Below we describe a protocol for forskolin-induced swelling of human intestinal organoids derived from healthy individuals and cultured in IntestiCult™ Organoid Growth Medium (Human) (Catalog #06010). For complete culturing instructions, use this document in conjunction with the relevant Product Information Sheet (Document #DX21423).

Introduction

Cystic fibrosis (CF) is a genetic disease caused by defects in the gene encoding the cystic fibrosis transmembrane conductance regulator (CFTR), a chloride anion channel expressed in mulitple epithelial tissues, including the intestinal epithelium. Defects in CFTR cause aberrant ion transport and mucus build-up in various organs, leading to difficulty breathing, recurring lung infections, and digestive issues. The recent characterization of intestinal organoid cultures has provided a new tool for studying CFTR function in vitro.¹ Intestinal organoids can be efficiently established from colorectal biopsies, expanded, and maintained in long-term in vitro culture. These organoids maintain the genotype and phenotype of the parental tissue and retain the expected CFTR function when cultured in vitro.

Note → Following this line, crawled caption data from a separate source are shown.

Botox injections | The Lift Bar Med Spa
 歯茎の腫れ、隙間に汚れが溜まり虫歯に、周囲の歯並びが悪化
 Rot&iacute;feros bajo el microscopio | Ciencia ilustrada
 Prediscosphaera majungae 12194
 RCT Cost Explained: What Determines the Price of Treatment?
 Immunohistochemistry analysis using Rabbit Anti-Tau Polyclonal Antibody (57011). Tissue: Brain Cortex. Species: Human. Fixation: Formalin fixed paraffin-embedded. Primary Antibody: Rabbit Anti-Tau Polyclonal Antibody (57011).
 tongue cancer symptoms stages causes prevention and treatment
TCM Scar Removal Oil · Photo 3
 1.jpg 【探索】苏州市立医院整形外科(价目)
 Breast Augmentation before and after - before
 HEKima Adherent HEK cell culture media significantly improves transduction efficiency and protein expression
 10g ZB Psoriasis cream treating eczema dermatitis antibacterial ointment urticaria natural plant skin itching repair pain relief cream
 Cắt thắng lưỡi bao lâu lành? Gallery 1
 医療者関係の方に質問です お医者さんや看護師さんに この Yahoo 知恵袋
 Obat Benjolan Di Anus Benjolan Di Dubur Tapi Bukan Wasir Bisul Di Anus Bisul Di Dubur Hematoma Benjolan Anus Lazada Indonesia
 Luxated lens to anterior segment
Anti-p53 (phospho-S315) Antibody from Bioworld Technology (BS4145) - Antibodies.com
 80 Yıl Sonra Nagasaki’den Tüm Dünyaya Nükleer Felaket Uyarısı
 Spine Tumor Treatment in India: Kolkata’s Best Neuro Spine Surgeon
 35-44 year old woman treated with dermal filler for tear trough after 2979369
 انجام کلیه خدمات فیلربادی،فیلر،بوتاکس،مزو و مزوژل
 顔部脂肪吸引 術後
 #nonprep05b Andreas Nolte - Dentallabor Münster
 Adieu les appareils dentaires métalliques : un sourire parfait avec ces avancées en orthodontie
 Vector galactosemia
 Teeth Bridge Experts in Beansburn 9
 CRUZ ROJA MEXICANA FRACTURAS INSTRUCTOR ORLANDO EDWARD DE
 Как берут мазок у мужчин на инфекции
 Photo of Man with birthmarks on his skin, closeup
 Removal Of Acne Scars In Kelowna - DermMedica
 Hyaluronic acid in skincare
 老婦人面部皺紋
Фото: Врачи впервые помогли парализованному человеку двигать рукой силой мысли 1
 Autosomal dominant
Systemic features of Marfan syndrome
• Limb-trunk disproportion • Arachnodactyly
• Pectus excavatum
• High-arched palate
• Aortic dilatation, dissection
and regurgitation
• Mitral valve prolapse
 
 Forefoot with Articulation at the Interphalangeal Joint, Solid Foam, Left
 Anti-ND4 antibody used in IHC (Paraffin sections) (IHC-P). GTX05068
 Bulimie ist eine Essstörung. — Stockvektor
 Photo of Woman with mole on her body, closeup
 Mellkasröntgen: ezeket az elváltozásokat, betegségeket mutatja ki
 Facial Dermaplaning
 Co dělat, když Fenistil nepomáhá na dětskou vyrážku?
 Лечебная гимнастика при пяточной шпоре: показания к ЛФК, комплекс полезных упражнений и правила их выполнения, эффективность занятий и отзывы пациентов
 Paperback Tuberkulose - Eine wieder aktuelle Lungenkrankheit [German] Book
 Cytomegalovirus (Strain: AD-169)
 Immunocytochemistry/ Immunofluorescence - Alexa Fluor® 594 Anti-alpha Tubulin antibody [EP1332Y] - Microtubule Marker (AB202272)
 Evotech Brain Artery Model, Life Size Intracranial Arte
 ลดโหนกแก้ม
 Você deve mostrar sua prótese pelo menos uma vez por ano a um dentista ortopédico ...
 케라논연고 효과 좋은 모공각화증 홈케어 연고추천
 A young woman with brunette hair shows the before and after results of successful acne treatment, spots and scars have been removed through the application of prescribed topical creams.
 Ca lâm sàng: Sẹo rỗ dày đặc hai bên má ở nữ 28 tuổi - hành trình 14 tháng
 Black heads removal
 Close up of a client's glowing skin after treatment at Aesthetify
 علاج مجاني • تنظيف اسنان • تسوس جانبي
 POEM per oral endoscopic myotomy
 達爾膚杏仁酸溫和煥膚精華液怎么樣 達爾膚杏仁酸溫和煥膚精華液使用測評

Exposing intestinal organoids to forskolin causes the cells to rapidly increase their levels of cyclic adenosine monophosphate (cAMP), resulting in the opening of the CFTR channel.^1,2 As chloride ions move through the channel and into the lumen, the organoids increase in size due to water following by osmosis, allowing for the assay of CFTR activity through organoid swelling. Because the swelling is CFTR-dependent, wild-type organoids increase in size while those carrying a CFTR mutation, or treated with a CFTR inhibitor, do not.

Protocol

1. Establish organoid cultures as described in the Product Information Sheet (Document #DX21423). Grow organoids for 3 - 5 days after passage in IntestiCult™ Organoid Growth Medium (Human) (Catalog #06010) prior to assessing forskolin-induced swelling.
2. Remove media from each well and replace with an equal volume of Krebs-Ringer Bicarbonate (KBR) buffer. Allow the buffer to equilibrate with the Corning^®Matrigel^® domes for 30 minutes at 37°C.
   
   NOTE: Forskolin-induced swelling can be performed and assayed in the culture medium, however, swelling is more pronounced if using KBR buffer.
3. OPTIONAL: If using CFTR inhibitors as an additional control (e.g. CFTR_INH172 or GlyH-101), add the appropriate amount of inhibitor to each well as necessary (50 μM for CFTR_INH172 or GlyH-101) and incubate for 3 hours at 37°C. If inhibitors are not being used, proceed directly to step 4.
4. Capture time = 0 images before proceeding as organoid swelling may begin immediately after adding forskolin.
5. Remove the buffer from all wells being assayed and replace with fresh buffer, inhibitors (if applicable), and forskolin to a final concentration of 10 μM forskolin.
6. Image each well at regular intervals until the swelling in uninhibited wells ceases (usually 80 - 120 minutes).
7. To quantify forskolin-induced swelling, brightfield images at each time point are analyzed using ImageJ for average organoid area compared to the time = 0 images.